Il n’y avait guère plus de sens à sa vie que le meurtre. Toujours désireux de conserver son visage de meurtrier, le jeune homme se rend célèbre en intégrant l’Akatsuki. Officiellement il poursuit le même but que les autres membres. Officieusement, les informations transitent par le biais d’indicateurs vers konoha. Huit ans après le massacre, deux frères se retrouvent face à face. C’est un duel mortel, et aucun d’eux n’en sortira indemne. Sasuke, la seule faiblesse du meurtrier, la seule chose qu’il y avait encore à sauver, pour pouvoir expier. Mais la haine est sourde à la vérité, alors on continue de jouer la comédie, même si cela fait mal. On prétexte le pouvoir, le désir inassouvi. On laisse la victoire au plus jeune, mais sans facilités, néanmoins. On se tue à le libérer de ce sceau qui l’étouffe et on lui lègue pupille et techniques surpuissantes pour qu’il puisse survivre à ce monde affreux. Puis on meurt, simplement.
Il y a toujours cette même rengaine, celle de l’homme qui souffre. On se tait à jamais, on va rejoindre les ténèbres. Notre ombre accrochée à nos baskets se désormais ne hurle plus notre désespoir, elle est muette. Parce qu’on a légué cette rengaine, il y a bien trop longtemps à nos cadets qui eux aussi se mettent à souffrir sans bruit. Les adultes font mal aux plus jeunes sans s’en rendre compte, mais les voilà à présent libres. Et tandis que la mort survient, on se surprend à espérer que ce petit qui souffre à notre place puisse un jour trouver lui aussi quelqu’un pour le sauver. Cette ritournelle mortelle qui siège au creux du cœur des hommes, mieux vaut ne jamais l’écouter.
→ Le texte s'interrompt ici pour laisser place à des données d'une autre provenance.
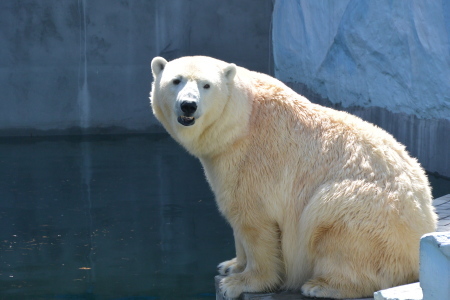 f0344626_20261076.jpg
Parce que soudain les hommes s’effraient et arguant le fait de vouloir être libre ou de protéger au prix de notre justice en font payer le prix à d’autres qui se mettent à sombrer. Les hommes ne sont guidés que par leurs instincts et rêvent qu’un jour ils pourront être seuls aux commandes, oubliant par ailleurs les tords qu’ils ont causés. La haine attise la haine et le sang appelle le sang. C’est ainsi que fonctionne les hommes. Itachi fut de ceux qui voulaient changer cela, voulant prévenir les autres. Mais il fut comme ce petit garçon qui criait au loup. Dévoré par ses propres peurs.